The below shows a usage example:

import torch
import habana_frameworks.torch as htorch
device = torch.device("hpu")
import torch.nn as nn
import torch.nn.functional as F

if __name__ == '__main__':
    hpu = torch.device('hpu')
    cpu = torch.device('cpu')
    input1 = torch.randn((64,28,28,20),dtype=torch.float, requires_grad=True)
    input1_hpu = input1.contiguous(memory_format=torch.channels_last).to(hpu)
    mem_summary1 = htorch.hpu.memory_summary()
    print('memory_summary1:')
    print(mem_summary1)
    htorch.hpu.reset_peak_memory_stats()
    input2 = torch.randn((64,28,28,20),dtype=torch.float, requires_grad=True)
    input2_hpu = input2.contiguous(memory_format=torch.channels_last).to(hpu)
    mem_summary2 = htorch.hpu.memory_summary()
    print('memory_summary2:')
    print(mem_summary2)
    mem_allocated = htorch.hpu.memory_allocated()
    print('memory_allocated: ', mem_allocated)
    mem_stats = htorch.hpu.memory_stats()
    print('memory_stats:')
    print(mem_stats)
    max_mem_allocated = htorch.hpu.max_memory_allocated()
    print('max_memory_allocated: ', max_mem_allocated)

Metric APIs

The Metric APIs provide various performance-related metrics, such as the number of graph compilations, the total time of graph compilations, and more. This section provides instructions on how to retrieve metrics using Python APIs listed below. You can also obtain metrics by saving them to a file without requiring any changes to the script using the environment variables listed in Runtime Environment Variables.

Metric APIs functions are defined in habana_frameworks.torch.hpu.metrics module as described below.

  • habana_frameworks.torch.hpu.metrics.metrics_global - Returns a global metric object based on the name provided. The object is active and present during the entire execution process.

    The below shows a usage example:

    import torch
    from habana_frameworks.torch.hpu.metrics import metric_global
    
    gc_metric = metric_global("graph_compilation")
    
    print(gc_metric.stats())
    
    device = torch.device('hpu')
    do_computation(device)
    
    print(gc_metric.stats())
    # 'gc_metric.stats' returns the list of counters collected during the entire execution process. Each counter is expressed as a tuple of the counter's name and its value.
    
  • habana_frameworks.torch.hpu.metrics.metrics_localcontext - Returns a context manager object for the requested metric. The metric collection is limited to the scope of the context manager defined within the with statement.
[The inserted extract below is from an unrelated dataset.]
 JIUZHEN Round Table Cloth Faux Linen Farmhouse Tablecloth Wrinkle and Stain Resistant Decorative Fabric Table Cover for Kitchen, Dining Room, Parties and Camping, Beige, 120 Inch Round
    The below shows a usage example:

    import torch
    from habana_frameworks.torch.hpu.metrics import metric_localcontext
    with metric_localcontext("graph_compilation") as local_metric:
        do_computation()
    
    print(local_metric.stats())
    # 'local_metric.stats' returns only the list of counters reflecting the data collected within the "with" statement. Each counter is expressed as a tuple of the counter's name and its value.
    
  • habana_frameworks.torch.hpu.metrics.metrics_dump - Stores the contents collected by the global metrics only in a file. Both JSON and TEXT formats are supported.

    The below shows a usage example:

    import torch
    from habana_frameworks.torch.hpu.metrics import metrics_dump
    
    device = torch.device('hpu')
    do_computation(device)
    
    metrics_dump("metrics.json", "json")
    # Only global metrics will be saved in 'metric.json' file in JSON format. The local metrics created through 'metric_localcontext' will not be stored.
    

Below is the list of metrics that are currently supported along with their respective properties:

Metric

Properties

graph_compilation

  • TotalNumber - total number of graph compilations

  • TotalTime - total time of graph compilations in microseconds (μs)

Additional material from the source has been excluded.